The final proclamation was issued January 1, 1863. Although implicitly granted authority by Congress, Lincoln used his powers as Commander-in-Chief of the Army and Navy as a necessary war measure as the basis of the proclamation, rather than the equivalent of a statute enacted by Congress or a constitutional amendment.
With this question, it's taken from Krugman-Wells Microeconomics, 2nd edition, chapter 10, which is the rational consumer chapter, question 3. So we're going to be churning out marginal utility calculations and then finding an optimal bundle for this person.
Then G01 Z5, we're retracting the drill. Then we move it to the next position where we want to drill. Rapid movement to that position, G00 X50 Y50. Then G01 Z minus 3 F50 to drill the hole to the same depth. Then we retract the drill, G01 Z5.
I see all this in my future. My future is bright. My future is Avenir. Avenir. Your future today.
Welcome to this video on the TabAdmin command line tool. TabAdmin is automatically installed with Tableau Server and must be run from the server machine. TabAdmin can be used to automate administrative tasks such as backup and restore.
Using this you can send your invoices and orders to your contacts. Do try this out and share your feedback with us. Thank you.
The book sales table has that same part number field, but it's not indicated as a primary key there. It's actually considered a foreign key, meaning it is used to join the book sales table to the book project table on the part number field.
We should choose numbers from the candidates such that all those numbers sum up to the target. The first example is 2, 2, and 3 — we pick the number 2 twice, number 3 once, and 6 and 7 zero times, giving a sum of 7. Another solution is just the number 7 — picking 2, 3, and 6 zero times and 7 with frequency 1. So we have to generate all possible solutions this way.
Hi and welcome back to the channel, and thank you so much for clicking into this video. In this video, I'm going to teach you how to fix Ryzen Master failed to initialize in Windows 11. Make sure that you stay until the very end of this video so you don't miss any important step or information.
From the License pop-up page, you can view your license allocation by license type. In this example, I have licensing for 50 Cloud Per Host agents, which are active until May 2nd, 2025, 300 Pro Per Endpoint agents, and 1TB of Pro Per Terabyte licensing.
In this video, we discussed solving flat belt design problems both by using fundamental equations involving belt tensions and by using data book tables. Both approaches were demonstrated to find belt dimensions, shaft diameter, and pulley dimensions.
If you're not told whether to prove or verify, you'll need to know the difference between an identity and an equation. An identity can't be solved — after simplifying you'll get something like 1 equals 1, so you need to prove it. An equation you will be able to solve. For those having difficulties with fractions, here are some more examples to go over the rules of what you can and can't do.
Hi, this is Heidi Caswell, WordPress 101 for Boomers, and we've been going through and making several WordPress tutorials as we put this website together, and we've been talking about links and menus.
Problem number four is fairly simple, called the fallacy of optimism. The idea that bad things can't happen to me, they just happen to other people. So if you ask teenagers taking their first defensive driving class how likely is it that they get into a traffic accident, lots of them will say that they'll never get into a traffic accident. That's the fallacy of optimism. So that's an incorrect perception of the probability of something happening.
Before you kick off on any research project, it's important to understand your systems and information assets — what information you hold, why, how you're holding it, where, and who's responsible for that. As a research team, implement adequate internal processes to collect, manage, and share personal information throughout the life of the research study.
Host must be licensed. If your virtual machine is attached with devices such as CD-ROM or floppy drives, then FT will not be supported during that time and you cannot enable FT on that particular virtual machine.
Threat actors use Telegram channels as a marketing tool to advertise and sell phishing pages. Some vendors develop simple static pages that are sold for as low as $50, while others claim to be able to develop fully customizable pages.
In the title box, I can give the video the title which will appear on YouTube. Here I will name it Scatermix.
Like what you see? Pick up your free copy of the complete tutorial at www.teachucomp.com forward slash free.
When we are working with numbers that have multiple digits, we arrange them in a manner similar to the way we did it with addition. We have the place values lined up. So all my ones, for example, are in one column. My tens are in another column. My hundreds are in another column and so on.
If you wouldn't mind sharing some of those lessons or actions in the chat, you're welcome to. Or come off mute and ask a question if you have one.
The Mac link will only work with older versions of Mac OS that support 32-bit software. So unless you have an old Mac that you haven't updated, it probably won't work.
++++++++++++++++++++
Exercise goal | Print exactly the line containing "Host must be" and every line after it through the end of the records above, and nothing else.

Written answer |
Host must be licensed. If your virtual machine is attached with devices such as CD-ROM or floppy drives, then FT will not be supported during that time and you cannot enable FT on that particular virtual machine.
Threat actors use Telegram channels as a marketing tool to advertise and sell phishing pages. Some vendors develop simple static pages that are sold for as low as $50, while others claim to be able to develop fully customizable pages.
In the title box, I can give the video the title which will appear on YouTube. Here I will name it Scatermix.
Like what you see? Pick up your free copy of the complete tutorial at www.teachucomp.com forward slash free.
When we are working with numbers that have multiple digits, we arrange them in a manner similar to the way we did it with addition. We have the place values lined up. So all my ones, for example, are in one column. My tens are in another column. My hundreds are in another column and so on.
If you wouldn't mind sharing some of those lessons or actions in the chat, you're welcome to. Or come off mute and ask a question if you have one.
The Mac link will only work with older versions of Mac OS that support 32-bit software. So unless you have an old Mac that you haven't updated, it probably won't work.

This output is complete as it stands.